= Boris Mikšić =

Croatian businessman and politician

Boris Mikšić (born 11 October 1948 in Zagreb) is a Croatian businessman and politician.

Mikšić was born in Zagreb, then part of SFR Yugoslavia. He graduated from the University of Zagreb Faculty of Mechanical Engineering and Naval Architecture in 1973. He then emigrated to the United States of America, settling in Minnesota where he gradually began his business, Cortec Corporation.
Over the years he became one of the wealthiest Croatian Americans. He first ventured into the Croatian politics as an independent candidate in the 2003 parliamentary elections.

In 2005, he ran as an independent candidate in the Croatian presidential election. His campaign was partially based on his autobiography Američki san dečka s Trešnjevke (American dream of a kid from Trešnjevka) that he had published in 1994 - creating image of a simple Zagreb youth, who fulfilled the American Dream. It was also based on his opposition to the ICTY and Eurosceptic views. His success story along with his self-funded American-style campaign brought a new perspective to many voters.
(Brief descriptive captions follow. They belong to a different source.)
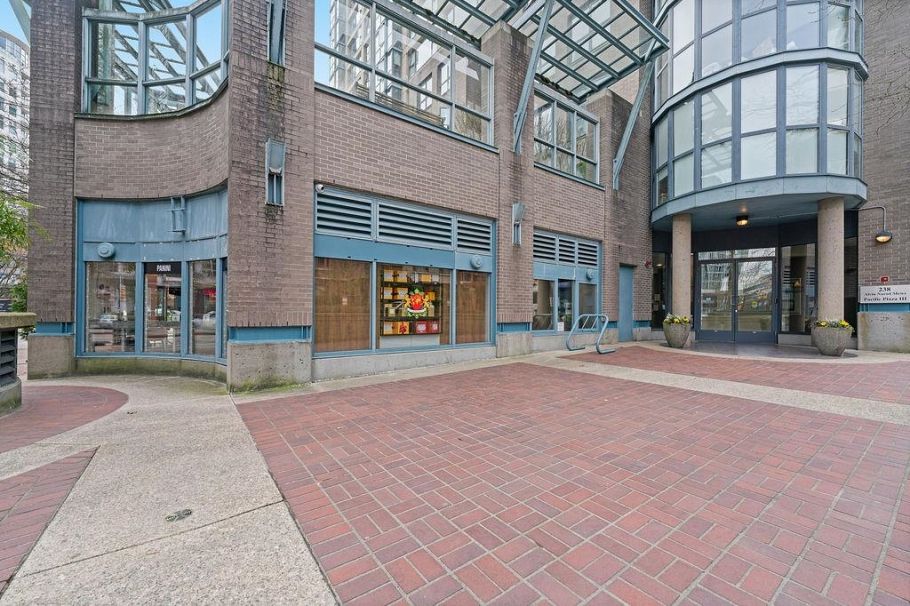 404 238 Alvin Narod Mews Vancouver, BC - 31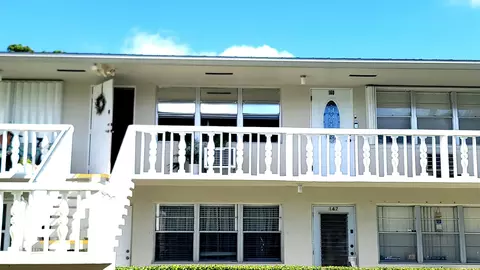 159 Cambridge G, West Palm Beach, FL 33417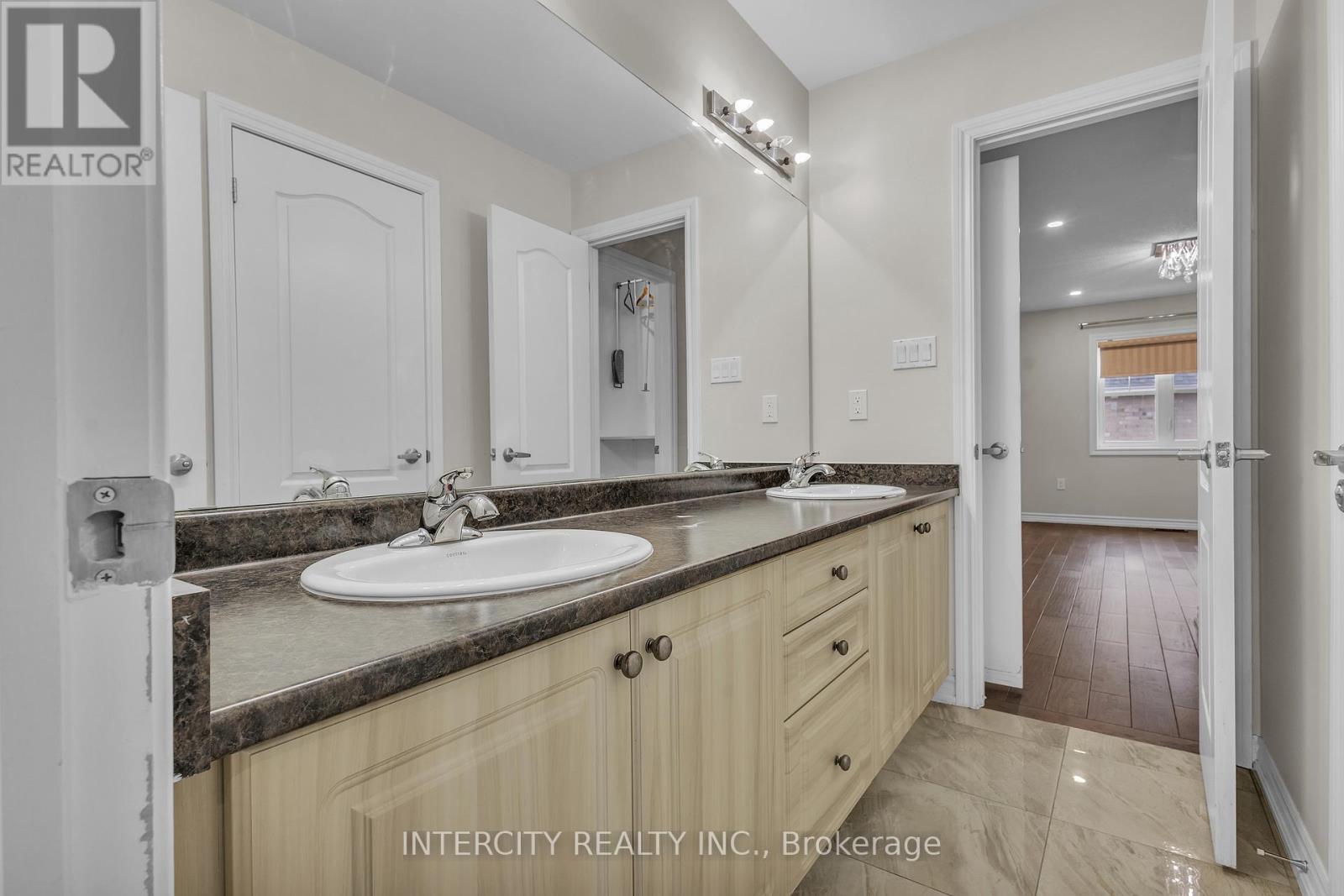 45 Roulette Crescent, Brampton, Ontario  L7A 4R6 - Photo 41 - W12743580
On 2 January, to the surprise of many, first election projections showed him as winning 2nd place, knocking the government's candidate Jadranka Kosor out of the race. Immediately, many commentators began to interpret his success as a protest vote against the Croatian political establishment, engulfed in corruption and being notoriously inefficient. As if Mikšić, already wealthy has been seen by voters as more decent and less corruptible candidate.

Few hours later, new projections, based on the votes cast by Croatian citizens in neighboring Bosnia and Herzegovina, brought Jadranka Kosor to the 2nd place. Mikšić was surprised as was the most of Croatian public. At first he refused to accept results and blamed the failure on alleged vote fraud, and "dead people voting".
He called supporters to demonstrate on streets over the alleged fraud, inspired by the, at the time current, Orange Revolution in Ukraine. He later called off planned demonstrations, citing his respect for the law and wanting to prevent incident and possible casualties brought on by the protest.

Following the presidential elections, Mikšić continued to challenge the results, bringing allegations of voter fraud. He requested vote recounts from Croatia's Constitutional Court stating that many deceased people were not only registered to vote but also cast votes in the election; a problem that the Croatian government has faced multiple times.
He continued to pursue Croatian politics, announcing his candidacy in local elections, including those for Zagreb City Assembly. Mikšić's campaigning appeared to have effect within the 2005 local elections. His slate did enter the Zagreb City Assembly, but with only three seats, which was fewer than he expected.

Mikšić entered into the Croatian presidential election, 2009–2010, but was eliminated in the first round with 2.1% of the vote.